Jerusalem was the peak of the ministry of Jesus. After Jesus died, it had no more meaning to the disciples who were represented by the two disciples that is why they were leaving Jerusalem. The story is historical in a sense that Cleopas was mentioned as the name of one of the two disciples. The other one is not named because St. Luke wants the reader identify himself as the other disciple hence the story is both ancient and contemporary. The setting of the story is very important because it sets the tone of their feelings. It was nearly twilight and the setting sun cast a gloomy shadow on the two disciples while they were walking away from the place of their hopes and dreams.
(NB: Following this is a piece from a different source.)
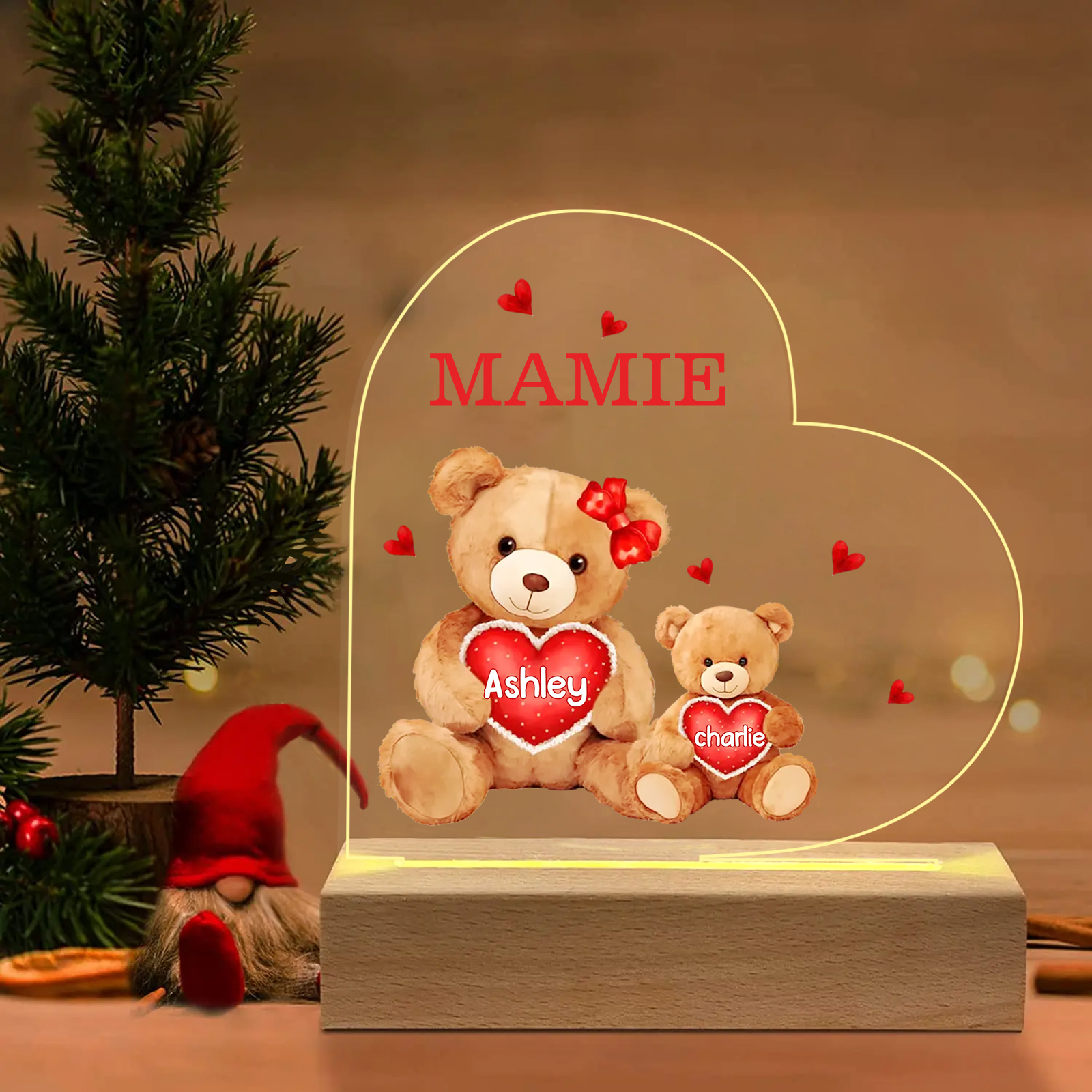 Plaque Cœur Ourson 2 Prénoms Personnalisés Cadeau pour mamie | Jessemade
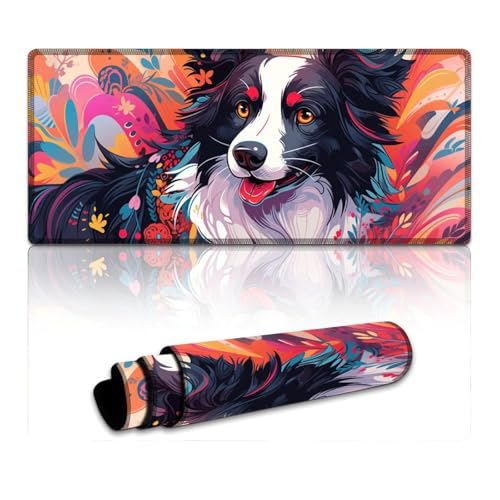 LYXIANY Computer-Mauspad mit Border-Collie-Motiv, genähte Kanten, Mauspad (40 x 90 x 0,3 cm), Mäusepad, rutschfeste Gummiunterseite, bequemes Büromaterial von LYXIANY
While they were walking away from Jerusalem, Jesus joined them and started the dialogue, as if he did not know anything. Actually it was the disciples who did not know anything so he started to explain to them the passages pertaining to the messiah. Breaking open the Word then was the first part of the journey. While their mind was shrouded with the darkness of disappointment and their heart clouded with loss of hope which was represented by their faces downcast, Jesus became their light, burning brightly.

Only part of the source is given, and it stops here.